Pete Seeger and the meaning of patriotism

I wrote this post in February 2008 as Pete Seeger approached 90. With his death, there’ll be plenty of words written today about Seeger’s contribution to America, but — like the comments section in the original post — the ones that matter most are the ones that reveal whether we have yet to grasp what defines a good American.



A few weeks ago in this space, we kicked around the question of what defines patriotic. Unfortunately, the discussion was spawned by Michele Obama’s comments, and it’s near impossible to have a reflective conversation that’s not tainted by the passion of a current campaign.

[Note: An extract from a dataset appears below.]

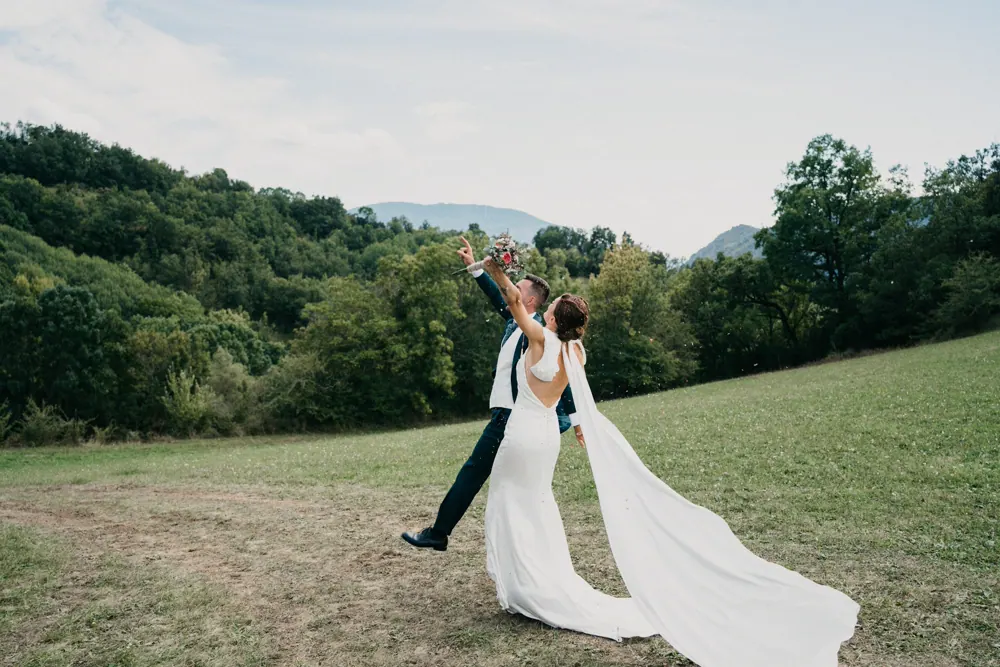 Los novios celebran juntos en un prado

As it happens, though, I stumbled across an American Masters documentary on PBS last night on Pete Seeger, who changed a lot about this country with a banjo and a song.

It came painfully says Seeger, now nearly 89, who acknowledges he still has some friends who are Communists. “I read their newspaper and there’s occasionally some good stories there. And I read the Wall Street Journal and occasionally they have some good stories there.”

His biographer noted that the FBI pursued Seeger until the only job he could get was singing to kids, said David Dunaway. “They never thought there’d be a problem with Pete Seeger singing to six year olds. Little did they know that out of that came not a subversive movement, but an American folk music revival that I think we have to give the FBI credit for helping to establish.”

“My father was a total patriot and his patriotism was completely misunderstood,” his son said in the documentary.

Seeger also visited North Vietnam during the war, though anecdotal evidence suggests he’s not quite as reviled in some quarters (update to that link) today as Jane Fonda, who also visited Hanoi.

Lost amid the fog of age, however, is the role a TV variety show could play in political debate in the ’60s. In November 1967, the height of the Vietnam War, the Smothers Brothers invited Seeger on their show (he hadn’t been allowed on TV in more than a decade), in which he sang “Waist Deep in the Big Muddy.” It was censored by CBS. The Smothers Brothers protested, and he was allowed back to sing it again He set the audience up with 4 minutes of traditional folk music considered acceptable, and then hit them with one of the most powerful — if forgotten — moments in the history of television.

Well, I’m not going to point any moral;

I’ll leave that for yourself

Maybe you’re still walking, you’re still talking

You’d like to keep your health.

But every time I read the papers

That old feeling comes on;

We’re — waist deep in the Big Muddy

And the big fool says to push on.

Pete Seeger still stands on a street corner of his town in upstate New York, holding up a sign that says “Peace,” and people still drive by wondering why one person thinks he can change the world.